High dividend yields combined with stock buybacks give you “Total Yield” a term coined by Chris Brightman of Research Affiliates. Shawn Tully from Fortune has recently written a great article on Total Yields which appears in print (Feb 25, 2013 Fortune Magazine, page 31) and online here.
“Brightman sees dividends as a key metric -- but not the sole one. His latest brainstorm is a value-oriented methodology that screens not only for dividends but also for the impact of stock buybacks. In theory, when a company reduces its number of shares by, say, 2% while keeping profits and the price/earnings ratio steady, it should translate to a 2% increase in stock price. So Brightman adds the percentage of shares repurchased to the dividend yield percentage to calculate what he calls "total yield." He argues that stocks with the highest total yields are far and away the best buys on the market.”
Brightman offer two examples with a total yield of 7.3% and 5%:
“He's a fan of Exxon Mobil (XOM), which offers a 2.5% yield and which repurchased $20 billion worth of shares in 2012, or 4.8% of the "float." That's a 7.3% total yield.”
“Wal-Mart (WMT) is another Brightman favorite.
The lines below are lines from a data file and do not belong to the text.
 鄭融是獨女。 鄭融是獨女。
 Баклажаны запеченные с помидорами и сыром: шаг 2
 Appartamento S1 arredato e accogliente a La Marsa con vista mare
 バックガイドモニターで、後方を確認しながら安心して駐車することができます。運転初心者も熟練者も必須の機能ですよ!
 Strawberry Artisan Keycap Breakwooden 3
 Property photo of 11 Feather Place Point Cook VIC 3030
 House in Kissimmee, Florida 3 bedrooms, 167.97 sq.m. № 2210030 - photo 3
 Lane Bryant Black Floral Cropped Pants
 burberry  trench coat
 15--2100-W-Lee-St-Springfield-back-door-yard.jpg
Its yield is just 2.3%, but it offers buybacks of approximately 2.7%, for a total of 5%.”
In addition to Exxon and Wal-Mart, Bank of America has also recently announced it's buying back $5 billion worth of its own stock, equivalent to nearly 4 percent of the company.
Morale of this story: In addition to dividend yield, stock repurchases will also increase shareholder returns.